MÜDÜRLER MEMURLARINI…!
Sanık Tarık KILIÇ: “Alım ile ilgili fiyat araştırması görevlendirilen Yasemin EKŞİ(1) ve Hanife ALTUN(2) isimli şahıslar tarafından yapılmıştır. Bu şahıslar fiyat araştırması yaparken firmalardan ayrı ayrı fiyat teklifi almışlardır. Dosya içerisinde bulunan sahte belgeler ile ilgili sahtelikleri hakkında bilgi sahibi değilim. Sahteliklerini bilseydim gereğini yapardım. Çeki cirolayarak Banka Şubesinden tahsil eden Adem NAÇAR isimli şahsı ismen tanımıyorum. Belirtilen gerçek şirket sahipleri ve yapılan sahtecilik ile ilgili bilgi sahibi değilim benim hiçbir ilgim yoktur. Faturada teslim alan kısmının neden imzalanmadığını bilmiyorum.”Sanık Gülbeyaz KARASU; “Yapılan piyasa araştırması, görevlendirilmiş olan Nurcan EKŞİ (3), Ayfer UZUN(4), ve Vatan TEKTAŞ (5) isimli şahıslar tarafından yapılmıştır. Bahsedilen firmaların yetkililerinden ayrı ayrı fiyat teklifleri alınarak dosyalar hazırlanmıştır. Bende dosyayı inceleyerek en uygun fiyatı veren firmadan alımı yapardık.”

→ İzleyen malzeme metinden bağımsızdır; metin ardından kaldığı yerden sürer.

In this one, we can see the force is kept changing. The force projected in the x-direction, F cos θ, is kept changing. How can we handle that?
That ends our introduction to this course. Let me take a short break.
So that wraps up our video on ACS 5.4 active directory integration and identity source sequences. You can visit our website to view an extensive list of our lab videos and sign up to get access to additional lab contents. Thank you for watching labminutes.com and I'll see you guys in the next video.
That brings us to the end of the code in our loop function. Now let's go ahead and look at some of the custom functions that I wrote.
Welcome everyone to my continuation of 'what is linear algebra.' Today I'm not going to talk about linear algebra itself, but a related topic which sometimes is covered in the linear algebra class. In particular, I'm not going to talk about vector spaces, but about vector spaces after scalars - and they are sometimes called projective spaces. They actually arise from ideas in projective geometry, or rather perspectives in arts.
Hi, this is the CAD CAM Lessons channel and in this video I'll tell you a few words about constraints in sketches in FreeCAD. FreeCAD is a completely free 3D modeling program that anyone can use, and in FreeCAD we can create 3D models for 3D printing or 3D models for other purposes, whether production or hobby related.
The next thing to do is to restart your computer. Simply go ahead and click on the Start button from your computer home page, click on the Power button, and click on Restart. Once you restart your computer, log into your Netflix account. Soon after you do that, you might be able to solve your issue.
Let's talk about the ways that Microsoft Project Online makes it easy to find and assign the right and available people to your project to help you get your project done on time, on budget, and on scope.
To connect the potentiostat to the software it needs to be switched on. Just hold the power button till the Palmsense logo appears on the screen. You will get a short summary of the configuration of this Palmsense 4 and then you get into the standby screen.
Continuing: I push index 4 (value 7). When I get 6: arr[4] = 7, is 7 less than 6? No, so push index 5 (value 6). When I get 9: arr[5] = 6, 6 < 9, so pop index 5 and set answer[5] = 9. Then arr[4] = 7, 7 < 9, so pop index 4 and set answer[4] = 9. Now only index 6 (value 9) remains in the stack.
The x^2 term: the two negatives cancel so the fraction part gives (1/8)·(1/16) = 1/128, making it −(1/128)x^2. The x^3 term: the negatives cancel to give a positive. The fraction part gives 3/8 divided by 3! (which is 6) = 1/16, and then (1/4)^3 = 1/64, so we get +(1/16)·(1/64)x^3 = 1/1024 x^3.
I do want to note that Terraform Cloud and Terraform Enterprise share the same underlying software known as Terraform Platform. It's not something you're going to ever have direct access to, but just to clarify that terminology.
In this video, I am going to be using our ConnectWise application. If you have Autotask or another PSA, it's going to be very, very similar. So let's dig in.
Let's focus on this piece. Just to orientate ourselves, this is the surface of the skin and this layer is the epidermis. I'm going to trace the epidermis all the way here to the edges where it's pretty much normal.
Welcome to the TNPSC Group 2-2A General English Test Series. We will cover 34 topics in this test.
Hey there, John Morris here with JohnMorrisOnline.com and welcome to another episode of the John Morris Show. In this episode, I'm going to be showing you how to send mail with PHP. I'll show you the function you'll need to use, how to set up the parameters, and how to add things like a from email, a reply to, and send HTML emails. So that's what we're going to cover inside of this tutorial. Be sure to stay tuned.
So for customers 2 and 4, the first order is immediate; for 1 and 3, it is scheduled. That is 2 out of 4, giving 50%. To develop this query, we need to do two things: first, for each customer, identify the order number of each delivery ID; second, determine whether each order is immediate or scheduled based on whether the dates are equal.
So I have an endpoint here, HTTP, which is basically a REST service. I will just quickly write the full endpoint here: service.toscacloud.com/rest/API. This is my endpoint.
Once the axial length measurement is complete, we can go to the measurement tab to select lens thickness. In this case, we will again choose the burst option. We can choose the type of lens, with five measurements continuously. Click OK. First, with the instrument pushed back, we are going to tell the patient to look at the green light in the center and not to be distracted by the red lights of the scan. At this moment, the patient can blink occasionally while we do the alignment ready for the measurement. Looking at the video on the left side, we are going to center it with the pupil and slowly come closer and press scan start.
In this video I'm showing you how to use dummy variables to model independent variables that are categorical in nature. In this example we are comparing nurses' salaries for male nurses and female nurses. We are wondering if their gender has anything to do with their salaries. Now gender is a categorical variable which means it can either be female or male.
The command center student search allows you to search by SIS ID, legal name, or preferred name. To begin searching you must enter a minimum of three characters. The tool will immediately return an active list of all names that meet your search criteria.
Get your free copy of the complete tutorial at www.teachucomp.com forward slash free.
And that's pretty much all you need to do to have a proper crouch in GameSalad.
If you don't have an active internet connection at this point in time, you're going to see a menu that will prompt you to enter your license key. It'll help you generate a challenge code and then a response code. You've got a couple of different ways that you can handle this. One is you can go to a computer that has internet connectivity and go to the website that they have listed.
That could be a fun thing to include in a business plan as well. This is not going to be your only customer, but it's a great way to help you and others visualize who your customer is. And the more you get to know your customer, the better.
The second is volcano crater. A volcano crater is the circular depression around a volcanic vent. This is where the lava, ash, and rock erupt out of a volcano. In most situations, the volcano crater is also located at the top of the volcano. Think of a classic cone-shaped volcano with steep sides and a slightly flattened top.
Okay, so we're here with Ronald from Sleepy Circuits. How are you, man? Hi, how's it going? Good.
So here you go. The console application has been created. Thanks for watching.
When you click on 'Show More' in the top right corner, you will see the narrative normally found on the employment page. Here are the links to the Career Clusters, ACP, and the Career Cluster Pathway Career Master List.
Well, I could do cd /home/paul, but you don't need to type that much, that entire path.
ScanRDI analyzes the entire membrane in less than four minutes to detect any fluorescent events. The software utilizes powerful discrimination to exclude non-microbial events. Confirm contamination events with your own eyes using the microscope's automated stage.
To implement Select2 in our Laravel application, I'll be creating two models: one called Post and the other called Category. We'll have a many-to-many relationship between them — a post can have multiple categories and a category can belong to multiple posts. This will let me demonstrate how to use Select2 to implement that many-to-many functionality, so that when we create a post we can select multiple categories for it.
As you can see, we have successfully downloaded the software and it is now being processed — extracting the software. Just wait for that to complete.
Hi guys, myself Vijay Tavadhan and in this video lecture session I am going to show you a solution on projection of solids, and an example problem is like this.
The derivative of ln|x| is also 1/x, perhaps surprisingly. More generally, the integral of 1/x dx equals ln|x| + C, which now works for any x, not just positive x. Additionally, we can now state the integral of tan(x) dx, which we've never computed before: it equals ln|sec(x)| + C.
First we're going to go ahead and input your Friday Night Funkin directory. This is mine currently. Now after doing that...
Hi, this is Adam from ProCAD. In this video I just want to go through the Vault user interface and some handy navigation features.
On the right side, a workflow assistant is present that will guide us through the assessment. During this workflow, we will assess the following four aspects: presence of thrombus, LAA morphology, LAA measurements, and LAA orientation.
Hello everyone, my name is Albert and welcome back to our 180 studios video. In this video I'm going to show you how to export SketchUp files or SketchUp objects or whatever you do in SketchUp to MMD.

Sanık Şinasi Selçuk KAMIŞ: “Sorumluluğum bulunan ihalelerde piyasa araştırması yapması amacı ile görevlendirdiğim kişilerin niçin hep aynı firmalardan teklif aldığını bilmiyorum. Dolayısıyla her ne kadar piyasa araştırma komisyonları benim tarafımda görevlendirilmiş olsa da piyasa araştırma komisyonunda görev yapan kişilerin hep aynı firmalardan teklif alması ve hep aynı firmanın ihaleyi kazanması benim bilgim dışındadır.”
Sanık Nurettin Yazar: “Emine KUMRAL ile beraber ihtiyacımız olan malzemelerin listesini yaparak piyasa araştırma komisyonuna göndermiştim. Bu komisyonda da görevli olan Emine KUMRAL(6) ve Necati BAŞ (7) isimli şahıslar da piyasada faaliyet gösteren firmalardan teklifler alarak en uygun olanı seçip bana sunmuşlardı..”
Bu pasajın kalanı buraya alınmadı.